There are hundreds of drugs, just like there are hundreds of imaging agents; we have to keep building new ones for different purposes.
Most PET scans use a tracer that can only tell if a tumor is active in terms of its metabolism. In this case, F-MPG can tell doctors whether the tumor cells are present and whether they contain a mutated version of a protein called epidermal growth factor, which when overexpressed spurs cell division. The F-MPG tracer floats throughout the body, glomming onto any mutated epidermal growth factor proteins. Once latched on, it emits blips of detectable energy in the form of gamma rays, revealing the location and mutational details of the culprit protein.
“If the PET scan shows a high signal from the tracer in a patient’s lung cancer, that’s predictive of someone who is going to respond well to the specific epidermal growth factor therapy,” Gambhir said. “For those who show low signals, they’re likely not going to respond, so you need to look into other treatment options.”
Gambhir points out that biopsies, or a sample of the tumor, can also tell doctors what mutations are present. But tumors are so complex that a single biopsy may not accurately capture the spectrum of mutations present in the mass, and it’s even less likely to characterize the mutations present in multiple tumors including those that have spread throughout the body.

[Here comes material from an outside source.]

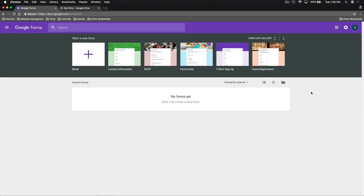Hello everyone, this is Anson from AnsonAlex.com. In this video I'm going to show you everything you need to know about creating and using Google Forms. Google Forms are a great way to host surveys and questionnaires, and you can easily track all of your data within Google Drive.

“One way to think about this imaging technique is like it’s taking a biopsy of the entire body, and that gives a much more complete picture of the mutational status of the primary tumor, which allows you much better information to treat the cancer,” Gambhir said.
Guided by the glow
At Harbin Medical University, members of the research team conducted a 75-participant clinical trial with the tracer, monitoring which tumors lit up (or had a high signal) on a PET scan and which had a low signal. Among the participants whose tumors appeared with the help of the tracer — meaning their tumor cells had the epidermal growth factor mutation — more than 80 percent saw a positive response from the targeted drug: Either their tumors shrank or tumor growth slowed. In contrast, only 6 percent of participants who lacked PET scan evidence of the mutation benefited from the drug.
Gambhir noted that the clinical trial was the first time this tracer had been used in humans. The next stage of the research, he said, is to recruit more participants for an even larger trial and, barring unexpected complications, eventually use the tracer’s data to guide treatment plans for lung cancer patients. Currently, the tracer is only approved for use in China, so the studies will continue at Harbin.
“We’d like to continue to build our collaboration with the terrific group at Harbin, and work toward a clinical trial network in China for testing many different tracers,” he said.
The team’s work is an example of Stanford Medicine’s focus on precision health, the goal of which is to anticipate and prevent disease in the healthy and precisely diagnose and treat disease in the ill.
Cheng and Gambhir are both members of Stanford Bio-X and the Stanford Cancer Institute. Gambhir also is a member of the Stanford Cardiovascular Institute and the Stanford Neurosciences Institute.
Researchers at Fudan University in Shanghai also contributed to the work.
The study was funded by the National Basic Research Program of China, the National Natural Science Foundation of China, Heilongjiang Province Foundation for Returned Overseas Chinese Scholars and the Key Laboratory of Molecular Imaging Foundation.
Stanford’s Department of Radiology also supported the work.